Why did you choose to focus your graduate studies in pediatrics?
My interest in pediatric research began during my undergraduate education. Over the course of four years, I had the opportunity to work as a research assistant in a developmental neuroscience laboratory. My time at the laboratory consisted of working on several projects focused on understanding the role of early positive and negative experiences on brain development and later outcomes, with implications for health in human populations. As a student, it was very rewarding to see the potential clinical implications of my research. This experience led me to pursue graduate school with a focus in pediatrics, as I desired to learn more about neurodevelopment in autism and apply this knowledge to a real-world setting. This shifted my career pursuits to clinical research, where I sought to work with clinicians to translate research findings from 'bench to bedside' and improve outcomes of children living with autism.

What other degrees do you have and what did they focus on?
I have a bachelor of science in biological sciences, as well as a master of science focused in neuroscience. My M.Sc. research was an extension of what I worked on during my undergrad, where I studied the brain-behaviour relationship in autism.

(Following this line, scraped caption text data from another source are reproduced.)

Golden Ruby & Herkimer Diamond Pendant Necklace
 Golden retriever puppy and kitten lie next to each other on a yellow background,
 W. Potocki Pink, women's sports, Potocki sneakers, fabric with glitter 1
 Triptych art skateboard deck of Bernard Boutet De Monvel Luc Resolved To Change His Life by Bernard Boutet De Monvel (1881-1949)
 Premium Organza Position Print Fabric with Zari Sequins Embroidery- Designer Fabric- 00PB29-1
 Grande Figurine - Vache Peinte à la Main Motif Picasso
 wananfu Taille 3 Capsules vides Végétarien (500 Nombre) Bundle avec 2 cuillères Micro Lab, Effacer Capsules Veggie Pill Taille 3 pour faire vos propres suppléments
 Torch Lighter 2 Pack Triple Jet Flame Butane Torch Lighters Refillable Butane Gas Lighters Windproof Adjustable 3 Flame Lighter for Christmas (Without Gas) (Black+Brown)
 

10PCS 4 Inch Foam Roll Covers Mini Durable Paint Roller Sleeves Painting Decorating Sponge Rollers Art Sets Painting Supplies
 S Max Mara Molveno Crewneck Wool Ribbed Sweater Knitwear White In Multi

What does receiving the Killam Scholarship mean to you?
Receiving the Killam award is very exciting and a tremendous honour. To be honest, I am a bit beyond words! It is very encouraging to hear that others - especially those from other fields - appreciate my research and find it valuable. The award reminds me that I have a large support system, both within and outside of the university, supporting my research journey and aspirations. It is a wonderful and reassuring feeling.

What are your plans after you complete your graduate studies?
Over the course of my graduate training, I have refined my research skills and now, in the midst of my PhD, I am currently developing and refining a new clinical skill set. I believe the combined experiences of basic and clinical research will allow me to achieve my goal of becoming a developmental neuroscientist actively engaged in translational research. By combining knowledge from my lab research with my clinical research, it is my hope that this will provide me with a "big picture" understanding of early development in autism, and promote effective critical thinking skills from multiple lenses. In addition to ongoing research, I would like to gain additional training in science policy/advocacy and work with stakeholders to guide clinical practice, public policy, and improve long-term outcomes for children with neurodevelopmental disorders.